Mais cette vingtaine de partis « réels » ne signifie pas pour autant l’existence d’autant de courants idéologiques. À l’exception d’Ennahda qui, pour des raisons historiques et idéologiques, a réussi à être la principale formation islamiste, la plupart des familles politiques sont divisées en plusieurs mouvements pour des considérations politiciennes.

À titre d’exemple, le parti Nidaa Tounes, créé essentiellement pour écarter Ennahda du pouvoir, a donné lieu à de nombreuses scissions. Mohsen Marzouk, ancien directeur de campagne de Béji Caïd Essebsi et secrétaire général du parti, a ouvert le bal en créant Machrou’Tounes. Viendront ensuite Tunisia First, Bani Watani et surtout Tahya Tounes, créé en 2019 par le Chef du gouvernement de l’époque, Youssef Chahed, avec plus du quart des députés élus sur les listes de Nidaa Tounes. Après son congrès de 2019, le canal historique finira par se scinder en deux partis dont chacune revendique le nom Nidaa Tounes.

Quatre partis plus ou moins liés à la formation créée par Béji Caïd Essebsi illustrent les pratiques plus que discutables de la classe politique :

– En juillet 2017, Ridha Belhaj, ancien directeur du cabinet de Béji Caïd Essebsi à la présidence et cofondateur de Nidaa Tounes, quitte le parti et lance son propre mouvement Tunisia First (Tounes Awalan) en dénonçant le manque de démocratie dans la maison mère.

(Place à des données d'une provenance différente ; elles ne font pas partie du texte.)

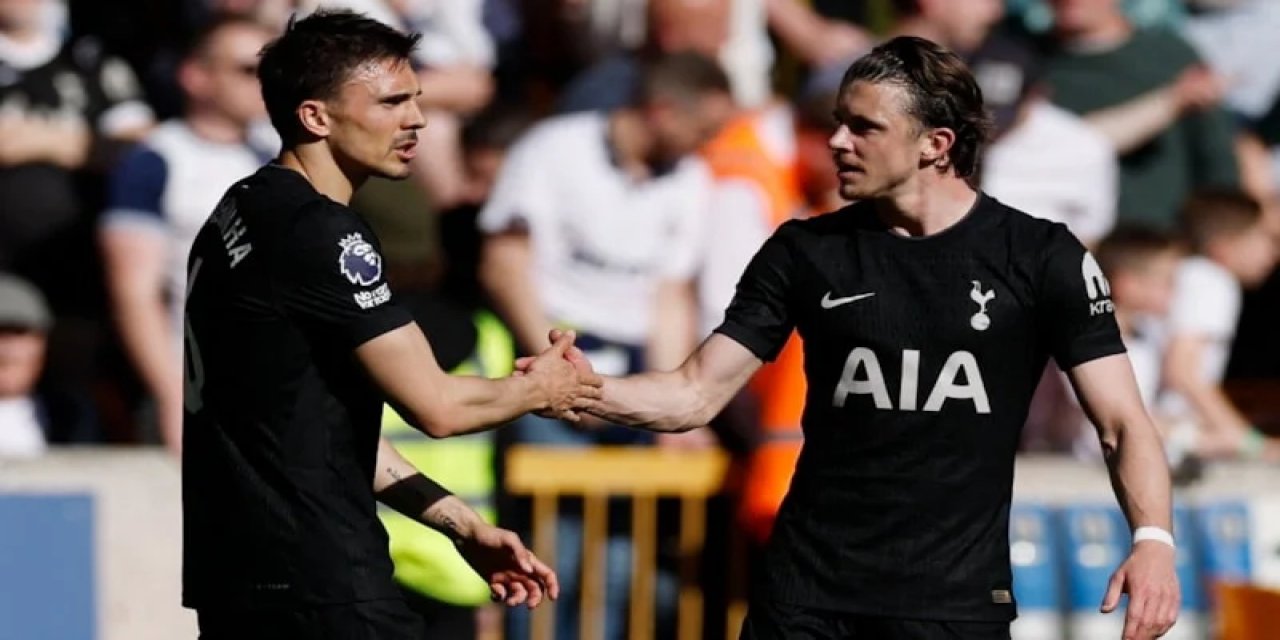 Tottenham, Wolves'i Mağlup Ederek 15 Maç Sonra Kazandı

Un an après, ayant réussi à obtenir un accord avec ceux-là mêmes qu’il accusait, il saborde la structure qu’il a créée et rentre au bercail.

– En 2011, l’homme d’affaires multimillionnaire Slim Riahi fonde l’Union libre patriotique (UPL), un parti tourné autour de la personne de son chef. En octobre 2018, il fusionne avec un Nidaa Tounes affaibli dont Riahi devient le secrétaire général avant de revenir à sa forme initiale en mars 2019 quand l’homme d’affaires, en fuite à l’étranger, envisage de se présenter à la présidentielle.

– Après avoir quitté Nidaa Tounes, Selma Rekik Elloumi – ancienne ministre du Tourisme et ancienne directrice du cabinet présidentiel – prend la direction du parti Al Amal Ettounsi (l’espoir tunisien) fondé en 2012 mais ne disposant d’aucun élu. Cette « OPA » a pour but d’avoir une rampe de lancement pour sa candidature à l’élection présidentielle. Mais après une brouille avec l’ancienne patronne, Elloumi est évincée. Elle jette alors son dévolu sur une autre structure existante dont elle devient la présidente et qu’elle renommera « Al Amal » (Espace Manager, 2019).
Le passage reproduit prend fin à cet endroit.